I was seen at 9:30 and to the delight of my children, the doctor felt my finger needed to be lanced and squeezed. You seriously could have shot me and I think it would have hurt less. She looked up at me and said "Ummm...let's lay you down before you pass out on me." Oh yeah - it was intense.

She then felt a tetanus shot was in order since it's been 8 years and this was a bad looking infection. (Bonus: I am now up to date on the adult pertussis vaccine since it is part of the tetanus shot) Then came a script for 10 days of antibiotics and a couple days worth of vicodin (to help while the antibiotics kick in). Yes, my friends, it is necessary. I can't even begin to describe the pain. After the lancing and squeezing though I am able to mostly straighten my ring finger and it isn't the screaming bright red it was. Those are good things.

My children were waaaaaay too happy to witness me having a shot. In fact, when the doctor was discussing it with me, Kelton piped up with "I really think you should. It's only a minute of pain and if the doctor is recommending it, it's the right thing to do." His concern would have been more convincing if he didn't have a smirk on his face and if he hadn't followed it up with "Kaylen! Finally! Mom gets to know what it feels like to have a shot! This is going to be fun!"

*sigh*

He was right though. It was the right thing to do.

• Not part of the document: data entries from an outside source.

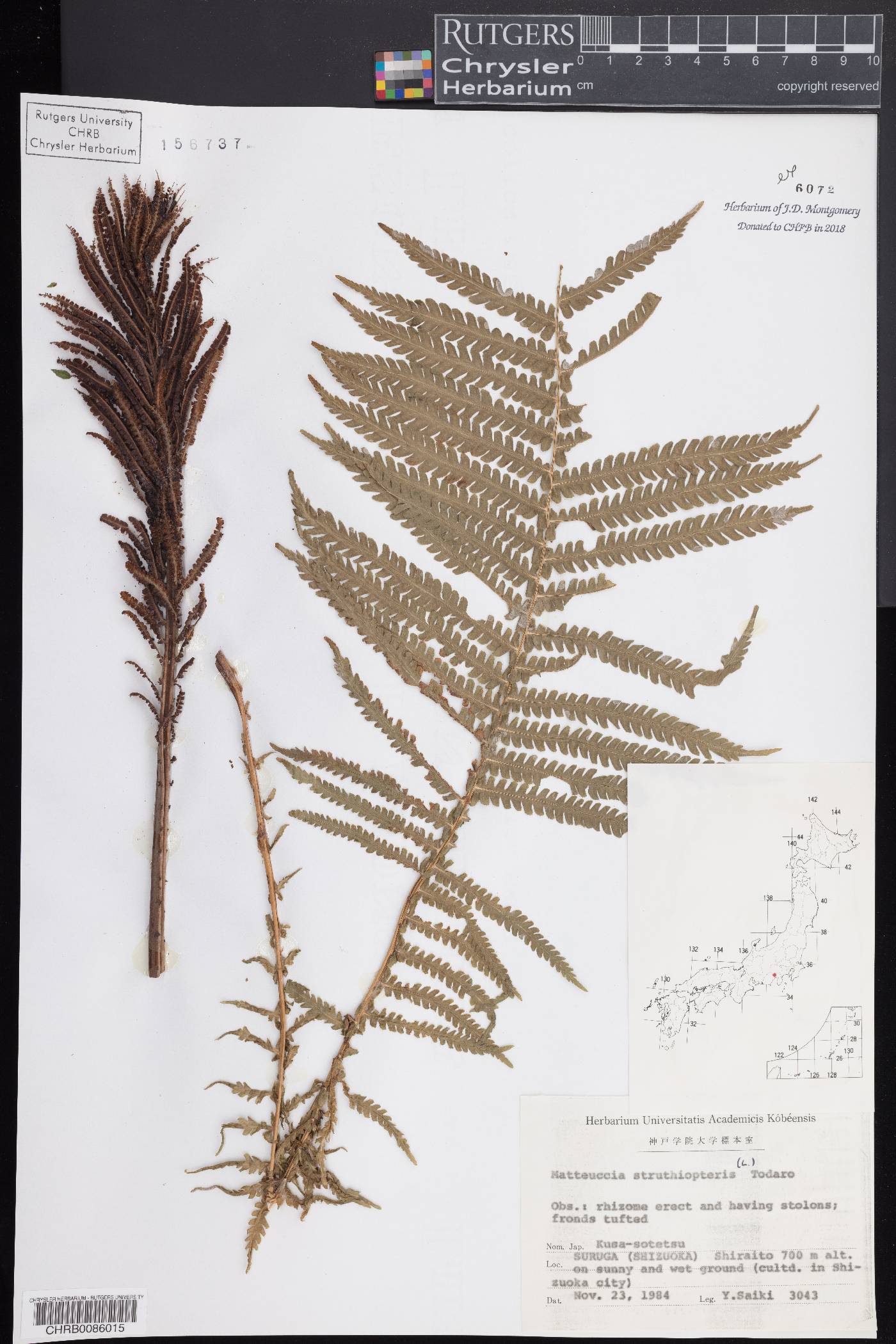 Matteuccia struthiopteris subsp. struthiopteris image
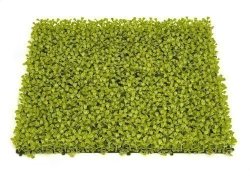 20 INCH X 20 INCH X 1 INCH POLYBLEND OUTDOOR BOXWOOD MAT | LIME GREEN OR BURGUNDY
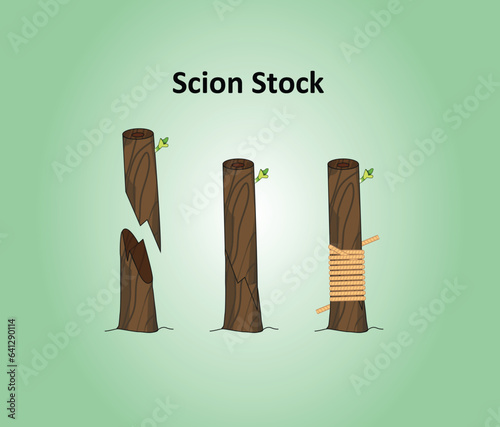 Biology Bud Grafting Illustration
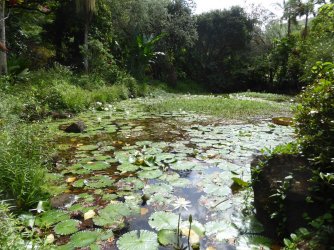 Waimea Botanical Garden HNL3.jpg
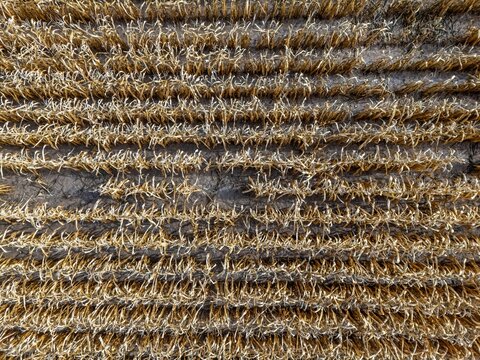 Aerial view of a harvested corn field with dry stalks arranged in neat rows across the soil in Coimbra, Coimbra District, Portugal.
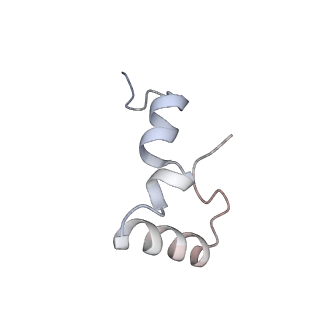 21633_6wde_D_v1-2
Cryo-EM of elongating ribosome with EF-Tu*GTP elucidates tRNA proofreading (Cognate Structure V-B)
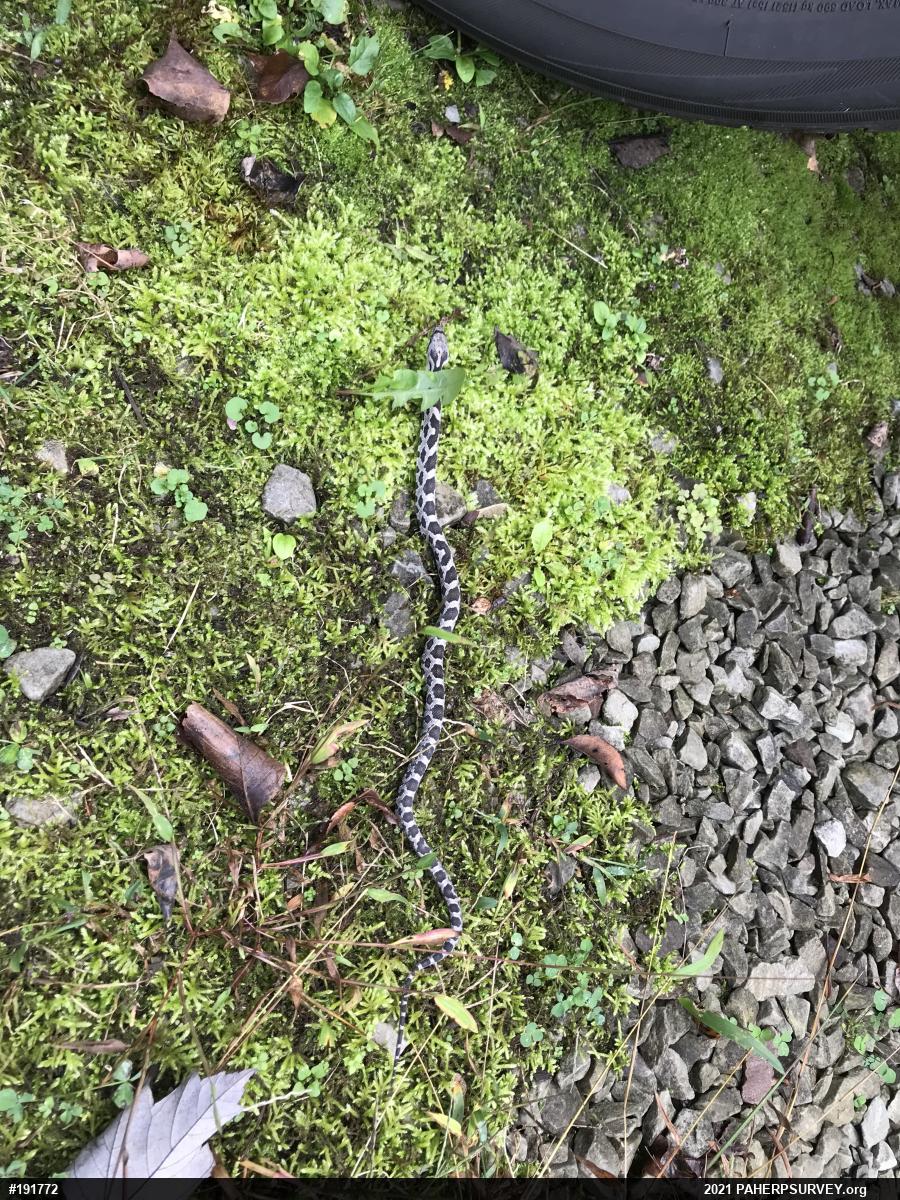 Eastern Ratsnake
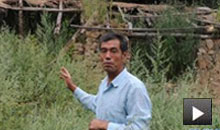 同在“绿色长城”的脚下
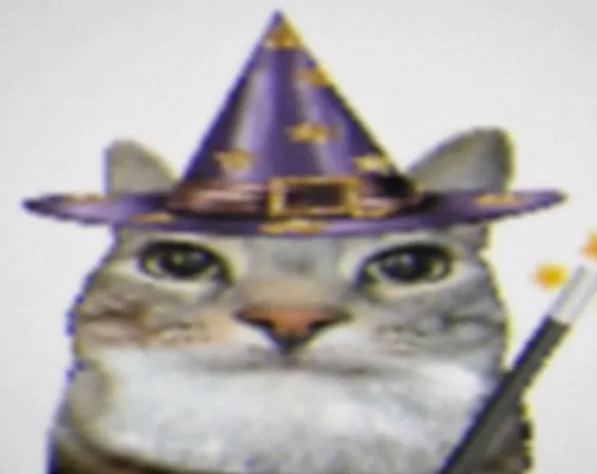 catperson logo
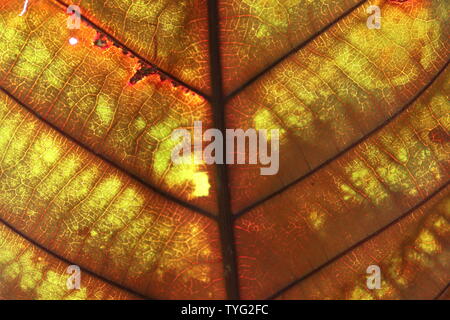 Fibre Motiv der teak Baum Blätter. Stockfoto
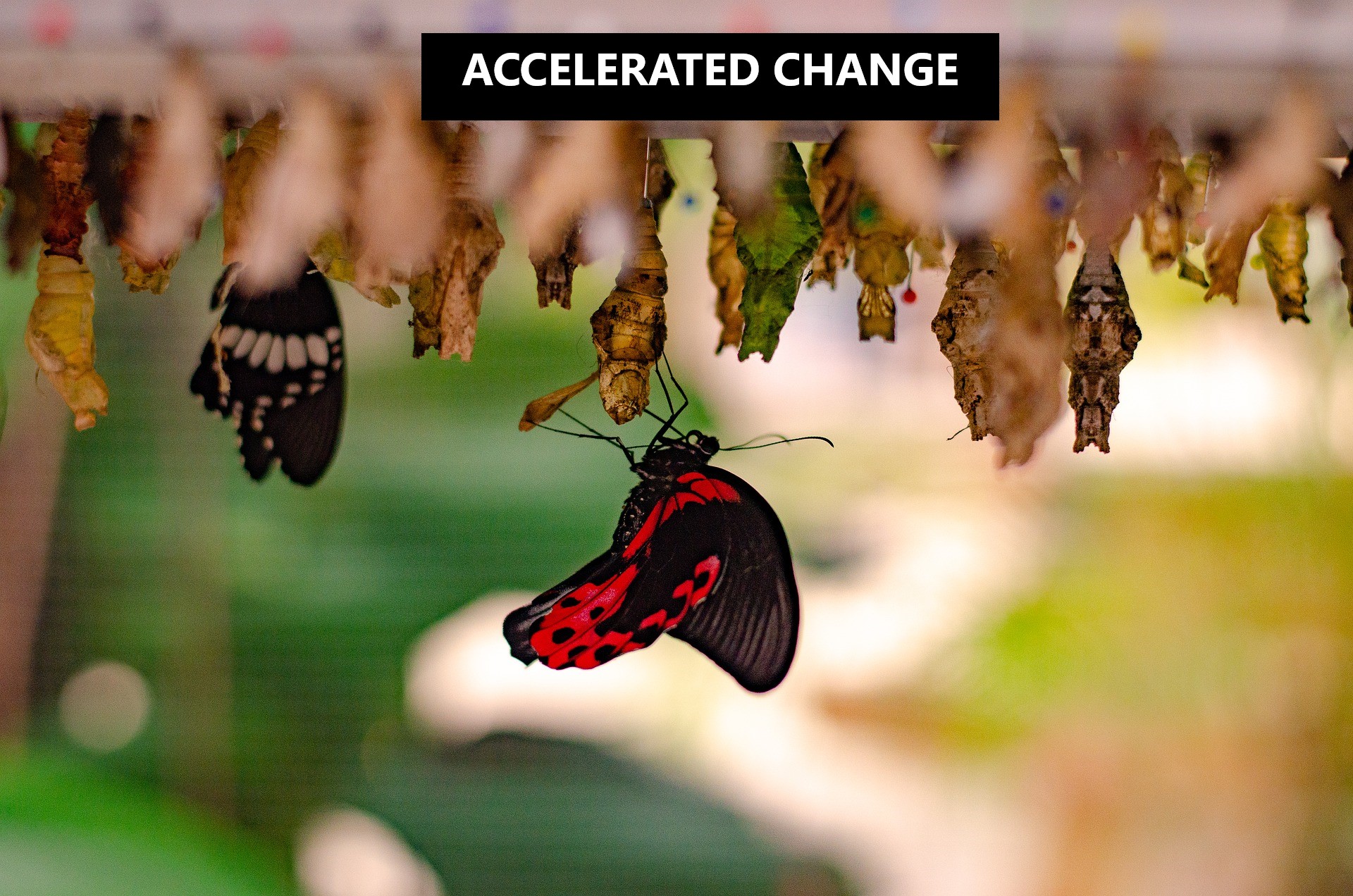 Accelerated Change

I have other things going on as well: the stress of job hunting and the toll it is starting to take on me, money concerns, etc. It feels like just when I think "Hey - this is going to be a good week!" all hell breaks loose. Maybe I should stop trying to think positively. Clearly, as history will show, it backfires on me. At least when I am negative, I expect the worst and am prepared to deal with it. Thinking things will be good and having it all crash in on you is waaaaaaay harder to deal with.

And on that note: here is a picture of my beautiful daughter, one of the only two perfectly perfect things I have done in my life, enjoying the new pool.

Monday, June 28, 2010

Updates from my life

For those of you on my FB friends list, you already know what I've been up to but for the rest of you, I thought I would entertain you with my Facebook postings from the weekend.

Enjoy! :)


MONDAY:
Casey McCafferty Duncan has applied for some jobs, is working on the 3rd of a bazillion loads of laundry (note to self: remind Kaylen to go potty before bed EVERY night) and washed out a pair of boots that had poop inside them (don't ask.....there are some things that a 5 year old does that I will NEVER understand). All this and it's only 10:48am.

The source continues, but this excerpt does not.